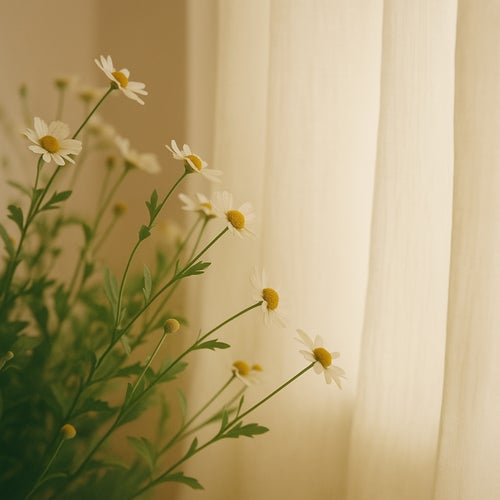 Seasonal Interiors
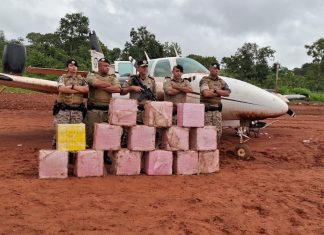 Cerco contra traficantes continua em área de mata após apreensão de avião com drogas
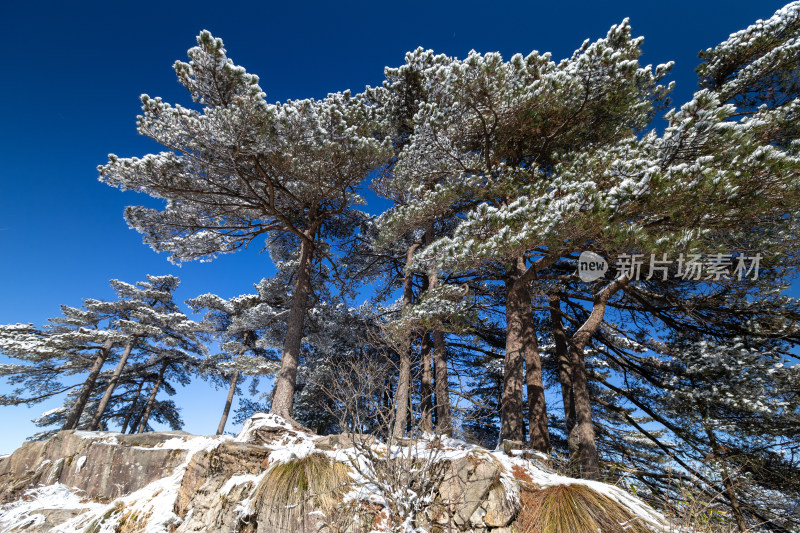 黄山雪松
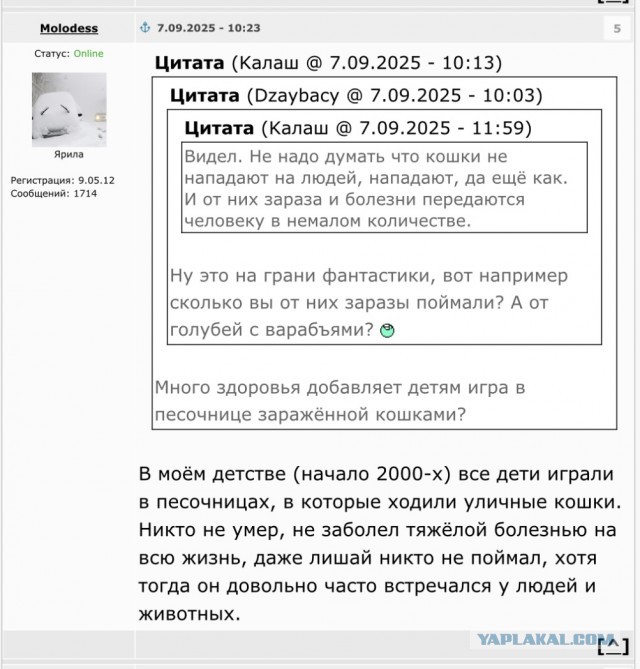 В Башкирии полиция ищет мужчину, напавшего на пенсионерку и её собачку на прогулке.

### Exercise description
The result is an exact copy of the lines from the one holding "Cerco contra traficantes" through the final line of the data above, both ends included, minus the pictures.

### Response below
 Cerco contra traficantes continua em área de mata após apreensão de avião com drogas
 黄山雪松
 В Башкирии полиция ищет мужчину, напавшего на пенсионерку и её собачку на прогулке.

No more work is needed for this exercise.